Léopold Sédar Senghor est mort il y a vingt ans. Dans l’après-midi du 20 décembre 2001, à l’âge canonique de 96 ans, le poète-président sénégalais décède à son domicile de Verson, en Normandie, où il s’était installé avec son épouse, après avoir volontairement quitté le pouvoir en 1980.

Le vingtième siècle avait six ans lorsque Senghor est né. Né dans le village de Joal, sur la côte atlantique, à une centaine de kilomètres de Dakar, dans une famille d’ethnie sérère et de confession chrétienne, il fut le premier chef d’État du Sénégal indépendant. Son pays lui doit beaucoup : sa démocratie dynamique, son État de droit et sa stabilité politique exemplaire dans un continent longtemps dominé par la tentation autocratique.

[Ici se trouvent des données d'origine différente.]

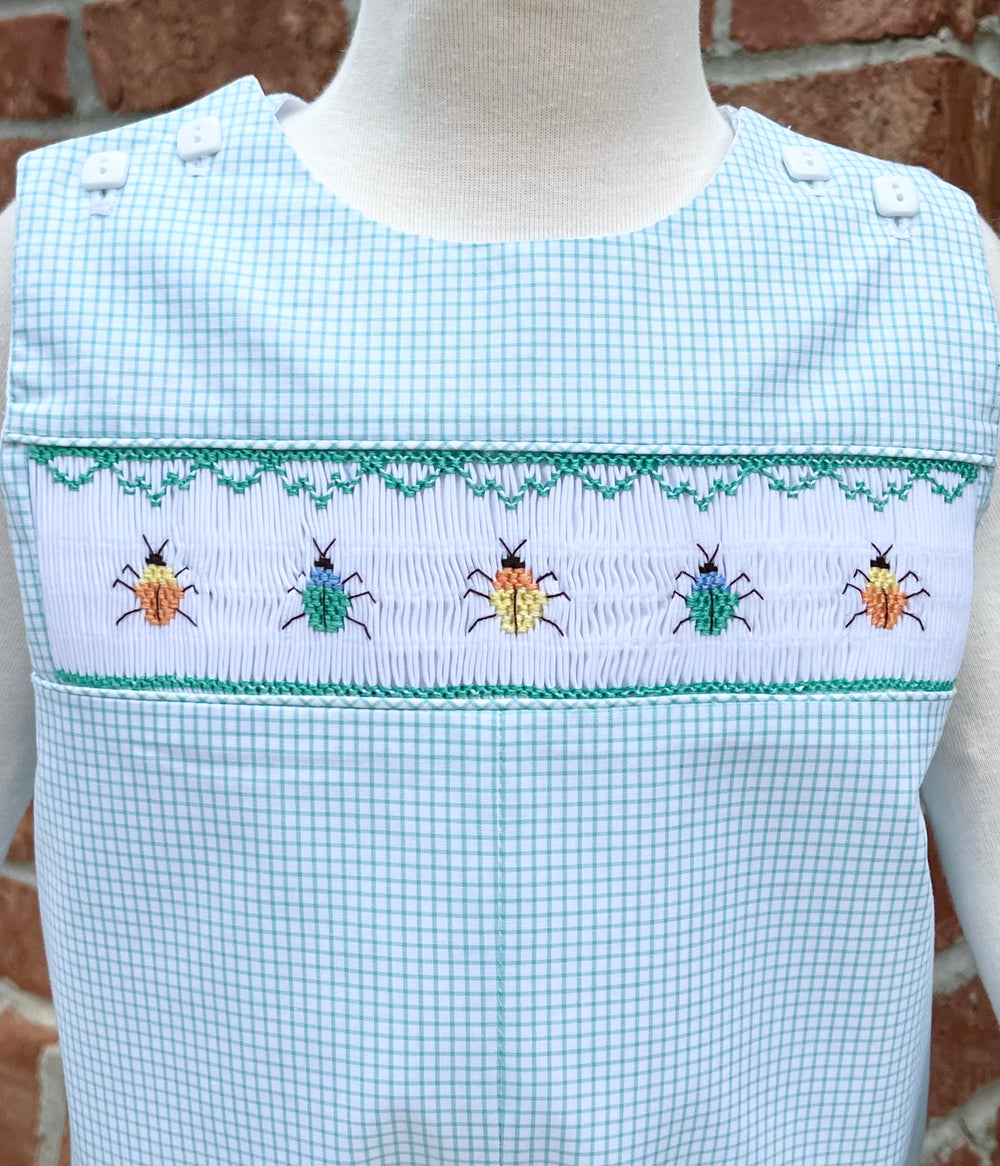 Checkered romper with embroidered beetles on a mannequin against a brick wall.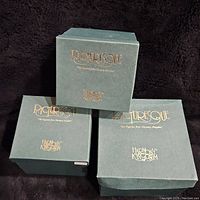 Three green boxes labeled Picturesque by Harmony Kingdom, shown stacked.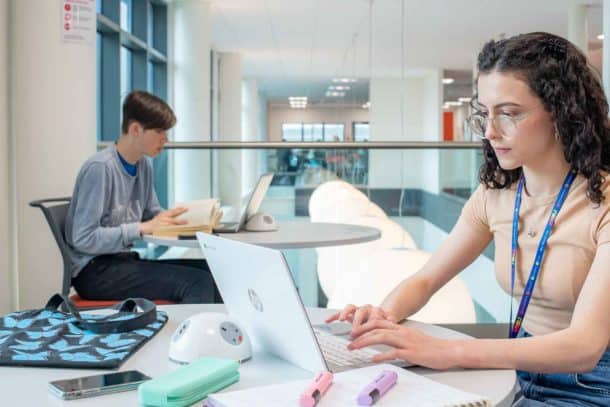 University-students-using-laptops-loaned-from-locker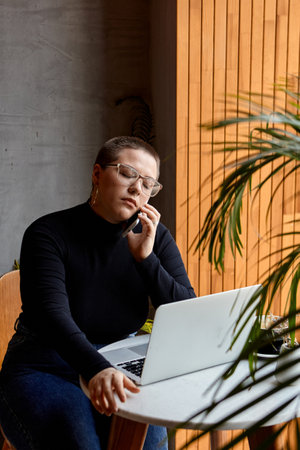 Young girl with short hair and nose piercing sits in a cafe. A woman is talking on the phone and work at a tablet. The concept of freelancing and remote work.の写真素材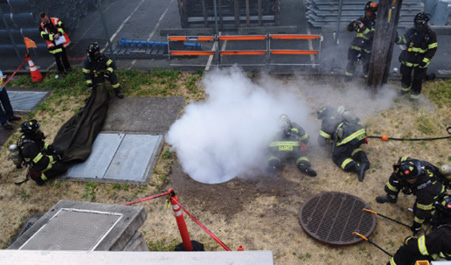 (4) Vault Fire Response Group training with Seattle City Light. High-pressure CO2 is introduced into the energized vault space. This space is energized at 15 kilovolts during the exercise. This maneuver is extremely scripted to ensure consistency and safety. Each position is critical for a safe and an effective offensive posture. 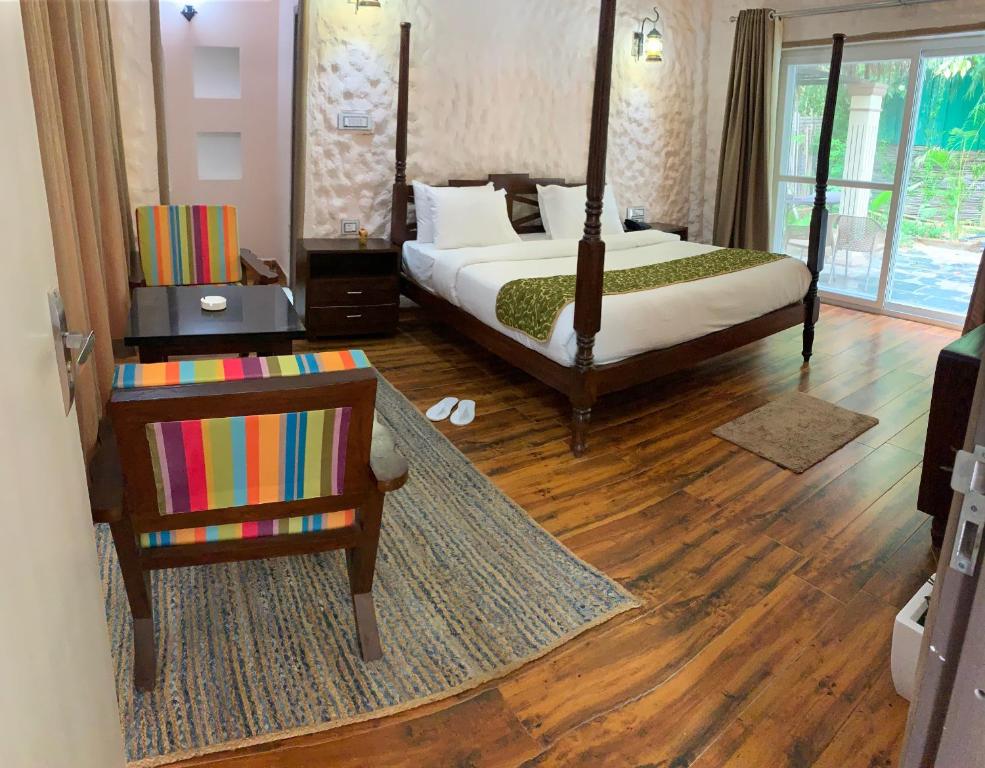 Schlafzimmer mit einem Bett und Holzboden in der Unterkunft Bhil's Kabeela Resort & Spa Kanha in Dhanwār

Il faut se rappeler que le fondateur du Sénégal moderne n’était pas un homme politique ordinaire. Bon érudit, l’homme était aussi poète et penseur, qui avait mis sa création au service de la libération de son continent colonisé.  » Il était avant tout un homme pluriel : poète, chantre de la négritude et de la civilisation de l’universel, premier agrégé africain de grammaire, enseignant, essayiste, philosophe, député et ministre de France, premier président du Sénégal, co-fondateur de la Francophonie mouvement et membre de l’Académie française », rappelle le journaliste Jean-Pierre Langellier, qui vient de consacrer une magistrale biographie de près de 500 pages à ce monument de la vie politique et intellectuelle africaine, sous la direction de Perrin (1).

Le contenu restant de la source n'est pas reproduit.